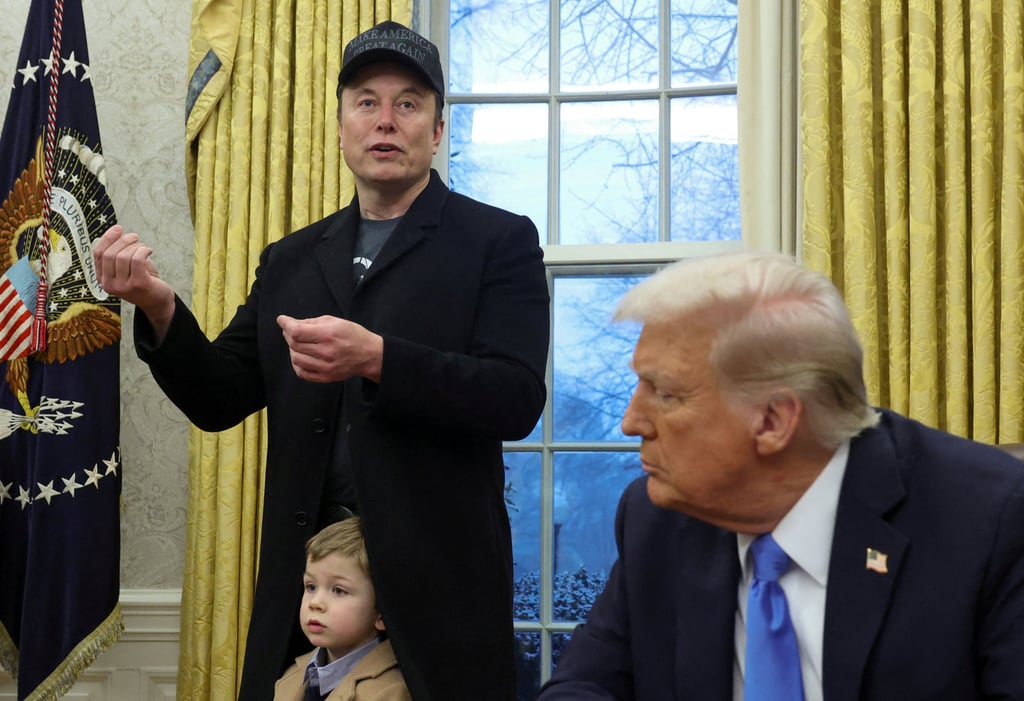 Elon Musk (left) speaks as his son X Æ A-12 and US President Donald Trump listen in the Oval Office in February. Photo: Reuters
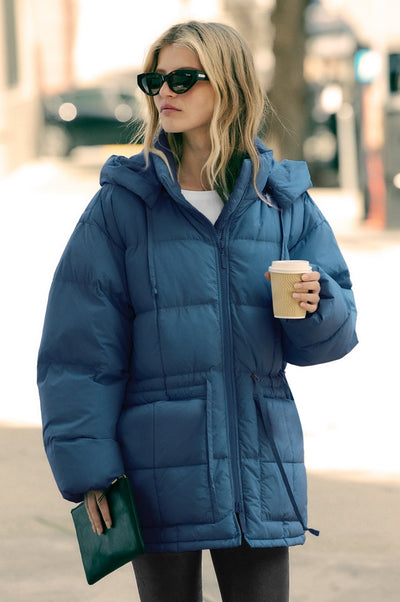 model is wearing a blue zip-up puffer jacket. 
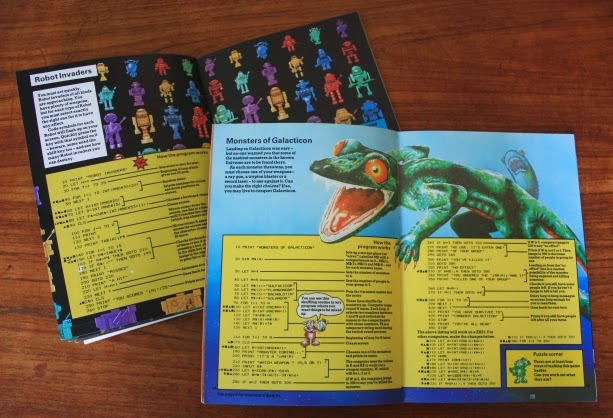 a photo of two programming books from the 80s, with a green monster jumping over the listing in one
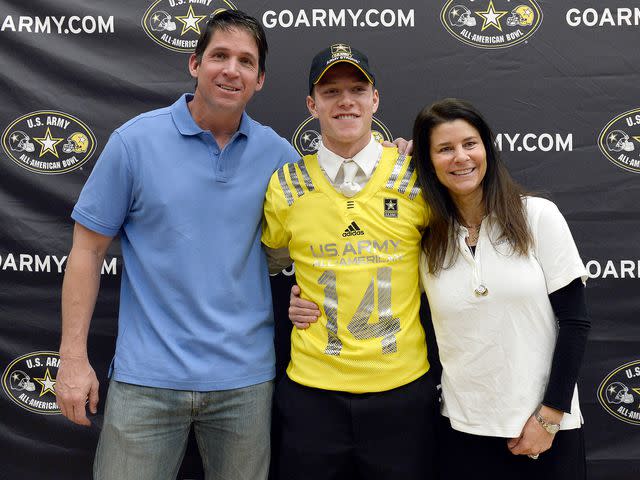 <p>John Leyba/The Denver Post via Getty </p> Christian McCaffrey, Ed McCaffrey and Lisa McCaffrey.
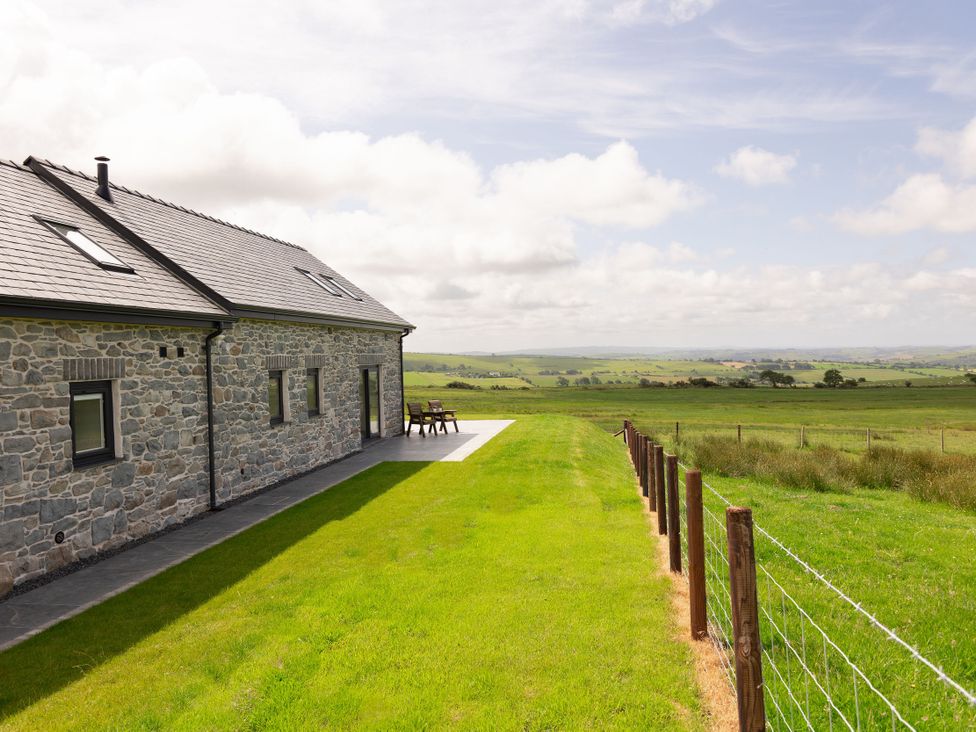 An outdoor area with a stone house and patio furniture at Golygfa Cwrt in Talybont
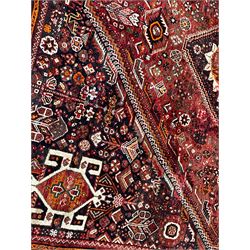 Persian Qashqai red ground rug, the extended lozenge field decorated with a central pole medallion comprised of three connecting diamonds, surrounded by all-over flower heads and stylised plant motifs, the multi-band border with repeating geometric shapes and Boteh motifs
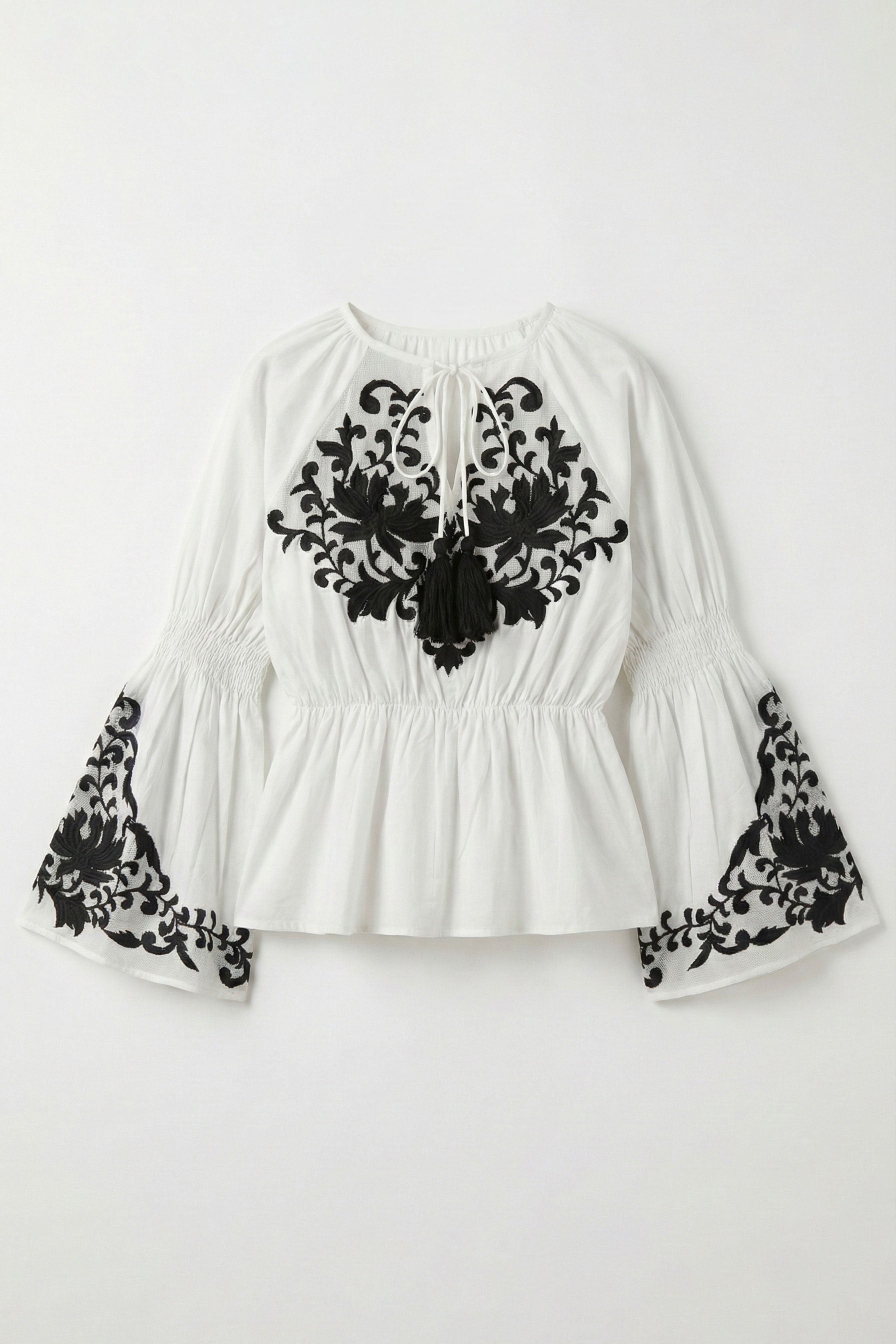 White blouse with black lace details on a white background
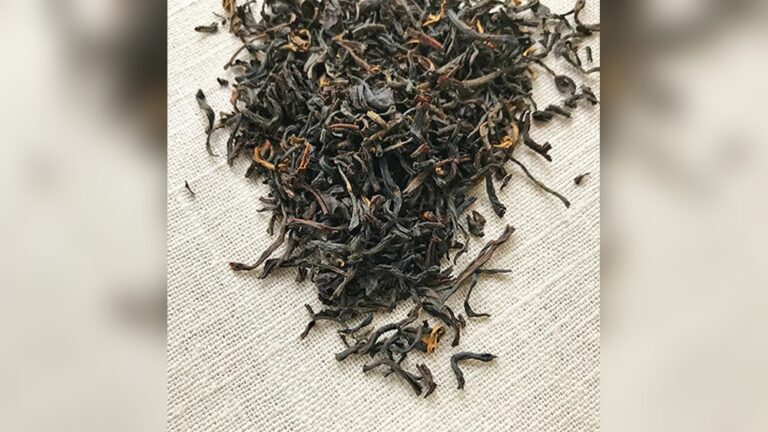 Pile of dark, twisted Earl Grey loose leaf tea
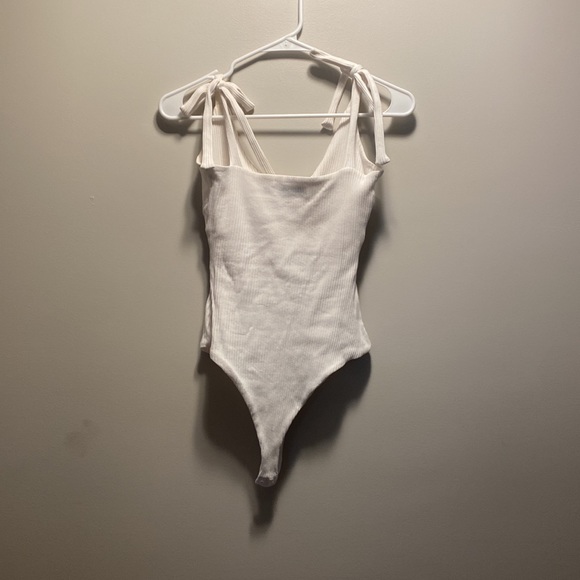 Petal and pup white body suit. - Picture 2 of 2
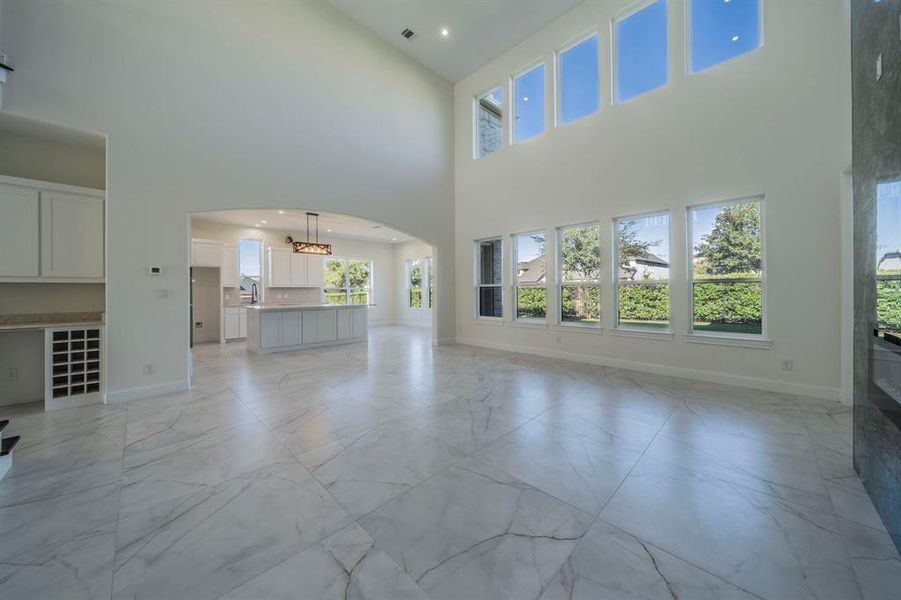 Unfurnished living room featuring arched walkways, light marble finish floors, and a towering ceiling Unfurnished living room featuring arched walkways, light marble finish floors, and a towering ceiling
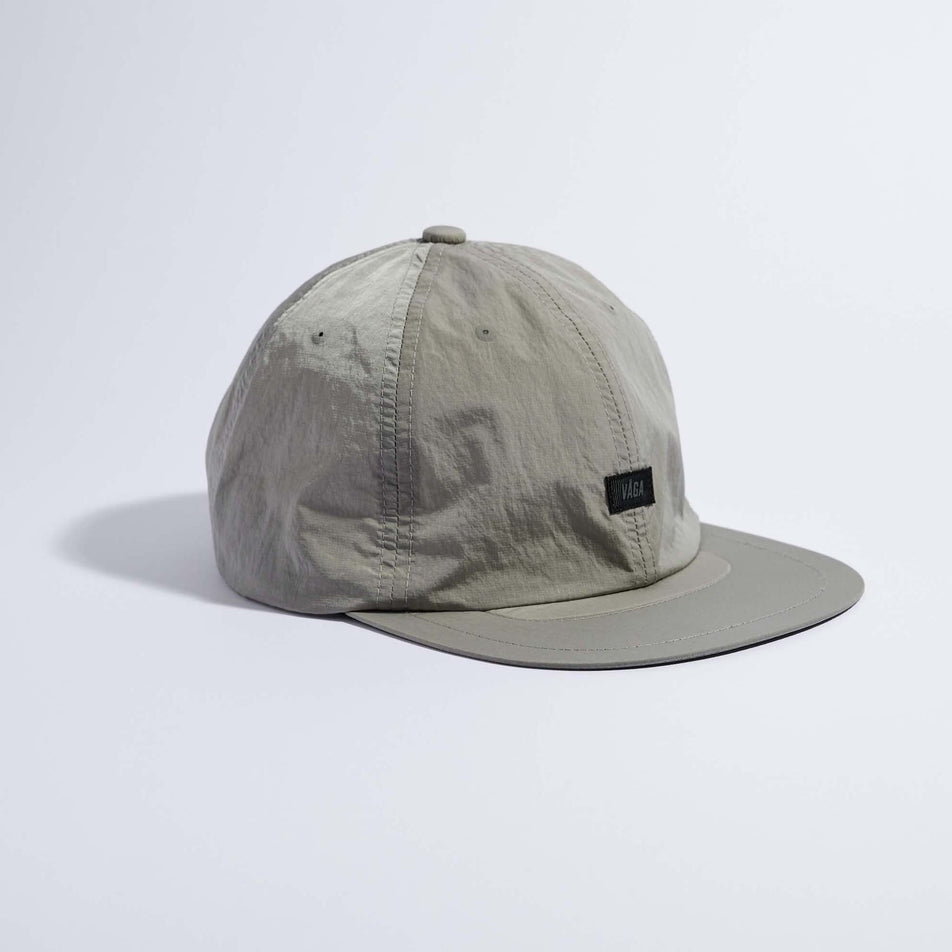 Angled view of the VAGA Unisex Drift Cap in the Mid Grey colourway.
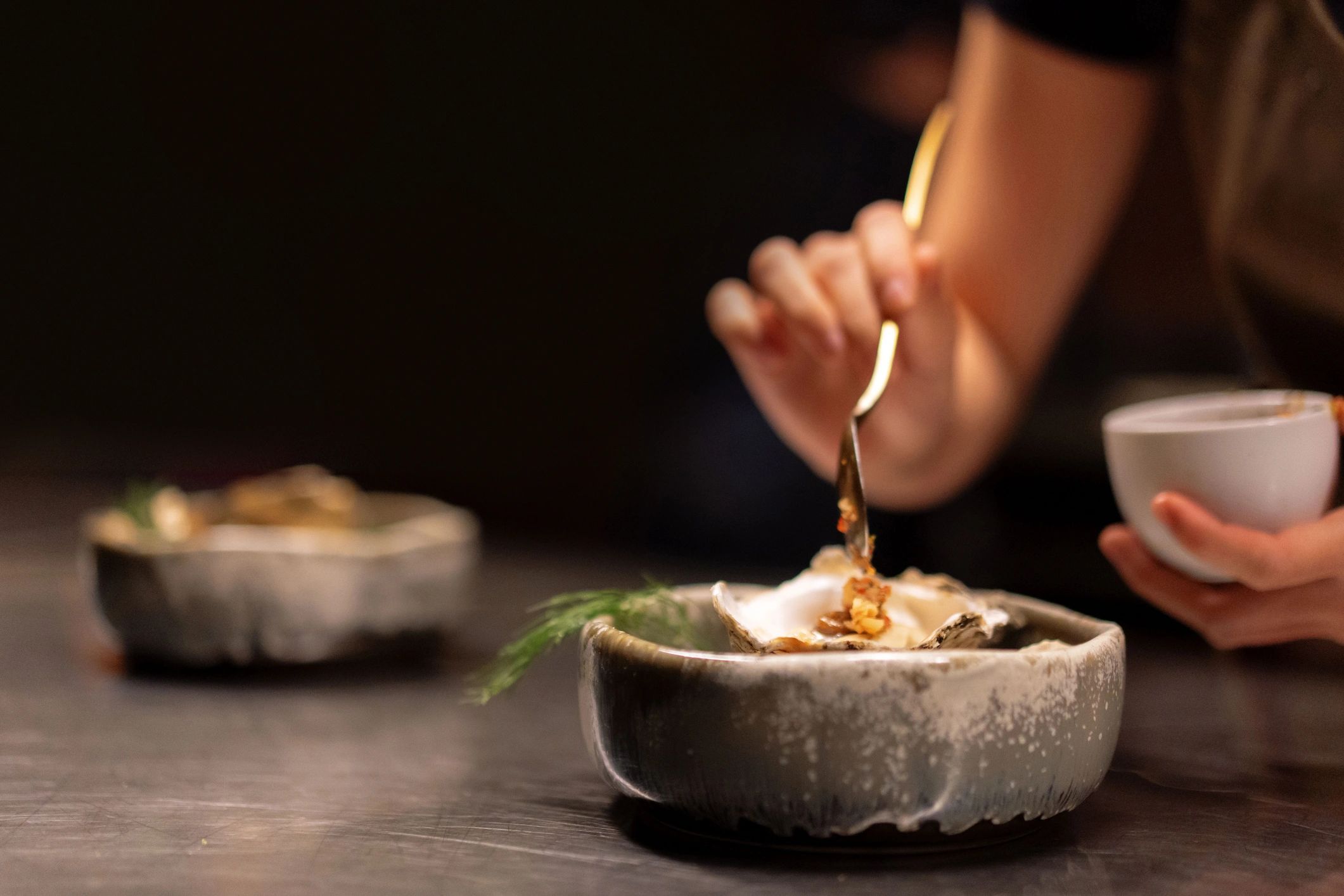 Chef plating and garnishing an oyster dish close up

========================================================================

Reproduce the data above exactly, but only the lines from the one showing "<p>John Leyba/The Denver" through the one showing "An outdoor area", with both ends kept and the pictures left out.

 <p>John Leyba/The Denver Post via Getty </p> Christian McCaffrey, Ed McCaffrey and Lisa McCaffrey.
 An outdoor area with a stone house and patio furniture at Golygfa Cwrt in Talybont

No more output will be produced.